Void question

[mark]

Hi
What is the principle reason why I cant define a void variable, eg

void x; // gives error

 

[Keith Thompson]

What is the principle reason why I cant define a void variable, eg

void x; // gives error

Why should you be able to? What would you expect to be able to do
with it?

 

[jameskuyper]

Hi
What is the principle reason why I cant define a void variable, eg

void x; // gives error

If you were allowed to create a void variable, what would you want to
do with it, and why would you expect to be able to do it?

 

[Default User]

Hi
What is the principle reason why I cant define a void variable, eg

void x; // gives error

What would that mean?




Brian

 

[Flash Gordon]

Why should you be able to? What would you expect to be able to do
with it?

Or if you want a slightly more technical answer, because void is an
"incomplete type" which basically means it does not provide enough
information to know what the variable is, or more importantly, what size
it is. If the compiler does not know the size of x then how can it
allocate space for it?

I know Keith knows all this, probably better than I do.

 

[Beej Jorgensen]

What is the principle reason why I cant define a void variable, eg

void x; // gives error

void is an incomplete type (and it can't be completed).

-Beej

 

[Keith Thompson]

I should imagine he wants to create a typeless variable, and he
expects to later on be able to munge it into a specific type via some
mechanism - perhaps by runtime type conversion when first used. I
believe some languages with a V in their name and possibly ending in
script support this.

Perhaps, but I'd rather hear what the OP had in mind.

To the OP: you can't do it because it doesn't have any meaning. The C
standard defines an expression of type void as having a nonexistent
value (not a value of zero, but no value) and states that this value
is unusable.

Don't be confused by void*, this is a special notation to allow
conversion between pointers of different non-void types.

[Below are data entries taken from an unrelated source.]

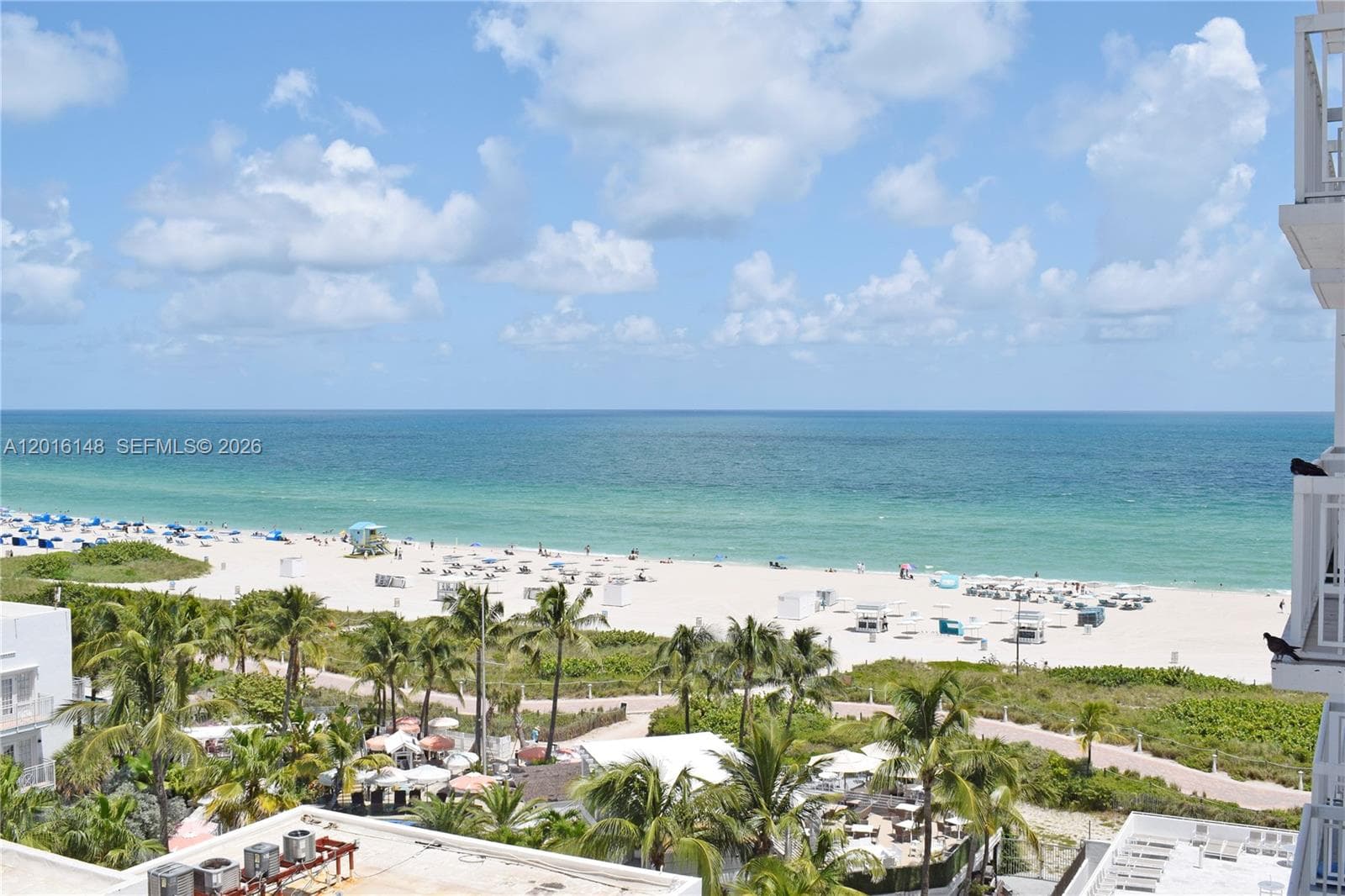 401 Ocean Dr 924 photo 19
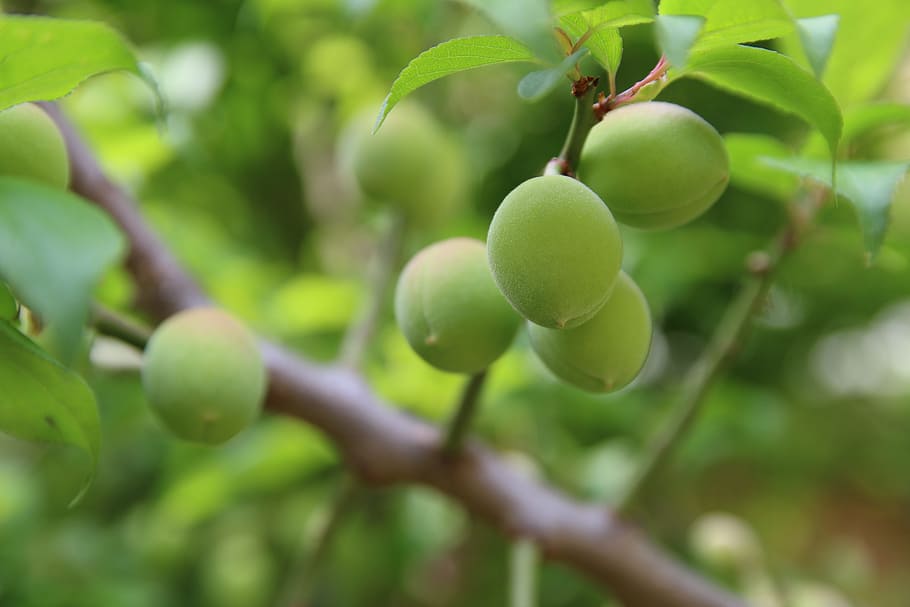 green fruits growing on a tree, Plum, Peach, Spring, Apricot HD wallpaper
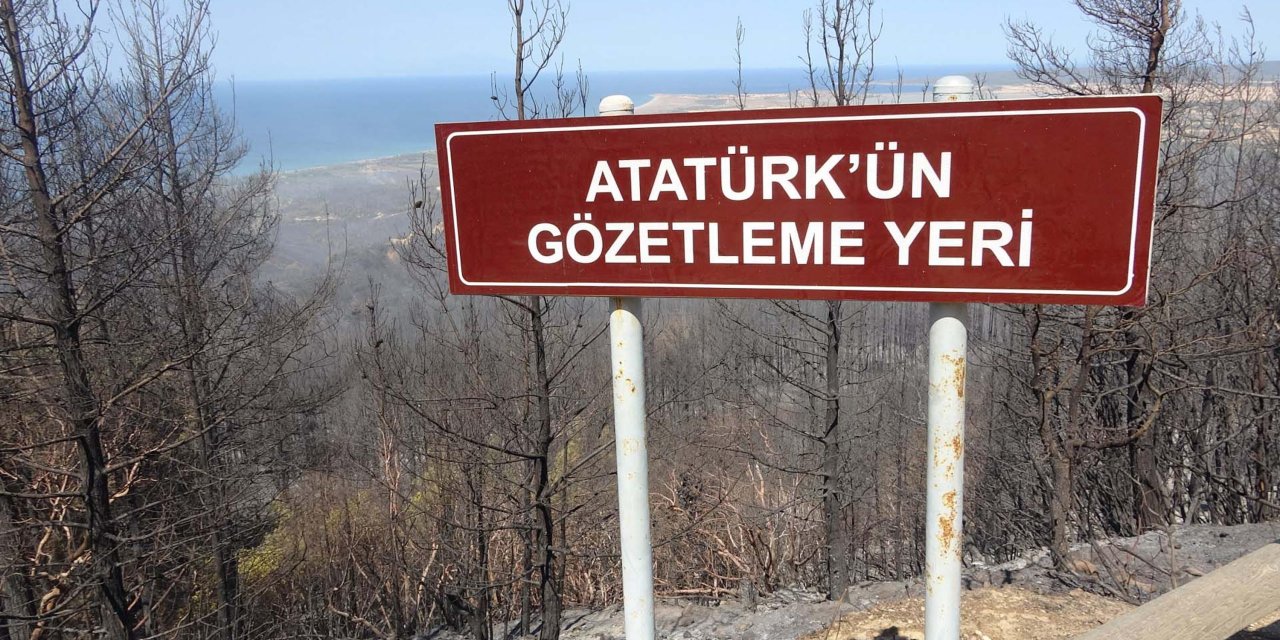 Çanakkale'de Orman Yangını ve Yeniden Açılan Ziyaret Alanları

The void keyword means several things. The standard treats it as
in incomplete type that cannot be completed, but that doesn't cover
all the ways the keyword is used. (I'd almost argue that void isn't
*really* a type.)

void* is a special pointer type. You can't dereference a void*
pointer, but you can convert an arbitrary pointer value to void*
and back again without loss of information (this doesn't apply to
function pointer types), and such conversions can be done implicitly
without a cast.

You can declare a function's return type as void. This doesn't
really mean that it returns a result of type void; it means that
it doesn't return a result.

The void keyword is used in a function prototype to indicate that
it has no parameters:

int no_params(void);

This is a special use of the void keyword, not directly related to
the incomplete type. It's necessary because a function declaration
with empty parentheses already had a meaning in pre-ANSI C.

An expression can be converted to type void with a cast.
This doesn't really convert the expression's result to type void;
rather, it discards the result.

The authors of the standard could have chosen to use a distinct
syntax for each of these things rather than using the pseudo-type
void.

 

[Keith Thompson]

void isn't an *object type*.

Yes, I know, and I know that the standard calls it a type.

My point was the standard *could* have been written without defining
"void" as a type (though I'm not arguing that it should have been).

 

[Phil Carmody]

Why should you be able to? What would you expect to be able to do
with it?

Take the address of it, and know that it was both a valid address,
and not equal to any other address in the system, so that it could
be compared and contrasted using == and != against both addresses
of tangible objects and also other such addresses.

Why one would want to do that is a slightly harder question.

Phil

 

[Keith Thompson]

Take the address of it, and know that it was both a valid address,
and not equal to any other address in the system, so that it could
be compared and contrasted using == and != against both addresses
of tangible objects and also other such addresses.

"char x;" could serve the same purpose.

The question is, what could you do with "void x;" that you couldn't
either by declaring x as some other type, or by not declaring it at
all?

 

[mark]

Hi
It should be what you get when dereferencering a void*, eg a generic
variable of any type (like Variant in Visual Basic).

 

[Phil Carmody]

Please don't top-post, it's wrong-headed. Correcting.

Hi
It should be what you get when dereferencering a void*, eg a generic
variable of any type (like Variant in Visual Basic).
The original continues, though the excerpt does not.